It's long been more than 100 years since Park City's mining heyday. But it wasn't until last month that the City Council put its foot down on old mine hazards, fearing more skiers and dogs could take a surprise plunge down an abandoned shaft.
In separate incidents in 2009, a skier and a dog fell into mine shafts, according to a report to the Park City Council. Both survived.
Park City is almost entirely private land rather than national forest, like many Utah ski areas and was pock-marked with tunnels and shafts during boom years in the late 1800s and early 1900s , said City Councilwoman Liza Simpson.
"The mining claims map of Park City looks like a dozen drunk monkeys trying to put together a puzzle," she said. "Shafts and tunnels are all over the place."
According to the new ordinance, large property owners must "abate or close" mine hazards. If the owner fails to take action, the city can cap the tunnel or shaft and recover costs from the property owner.
The move comes as Deer Valley and Park City Mountain Resort have expanded skiing terrain. In addition, Park City has become a summer destination with hundreds of miles of hiking and biking trails.

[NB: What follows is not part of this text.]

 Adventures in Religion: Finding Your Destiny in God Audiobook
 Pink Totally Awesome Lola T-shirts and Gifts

"The likelihood that someone would fall into a shaft isn't that great," said Mayor Dana Williams. "But we do have hundreds of miles of tunnels under the city."
The ordinance is aimed at property owners with 10 or more acres.

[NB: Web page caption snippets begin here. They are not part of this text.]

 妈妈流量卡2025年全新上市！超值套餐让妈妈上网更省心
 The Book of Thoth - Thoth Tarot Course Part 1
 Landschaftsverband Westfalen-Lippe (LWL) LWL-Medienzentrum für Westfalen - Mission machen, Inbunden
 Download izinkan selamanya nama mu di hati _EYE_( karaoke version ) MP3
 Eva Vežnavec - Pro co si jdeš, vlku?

The Utah Division of Oil, Gas and Mining has closed some mine sites in Park City with consent of property owners, according to the report by Joan Card, the city's manager of environmental regulatory affairs. But other property owners have not consented to the state's efforts.
The ordinance requires land owners to conduct a search for mine hazards by Nov. 1, 2012, and submit an inventory and mitigation plan to Park City by Dec. 1, 2012. Closure of mine hazards must be completed by Dec. 1, 2015.
"We're not dictating the way they get mitigated," Simpson said. "They just need to be sealed so the random person can't wander in or fall in."
United Park City Mines and Deer Valley resort are among the large property owners in Park City. Officials of those resorts could not be reached for comment Wednesday.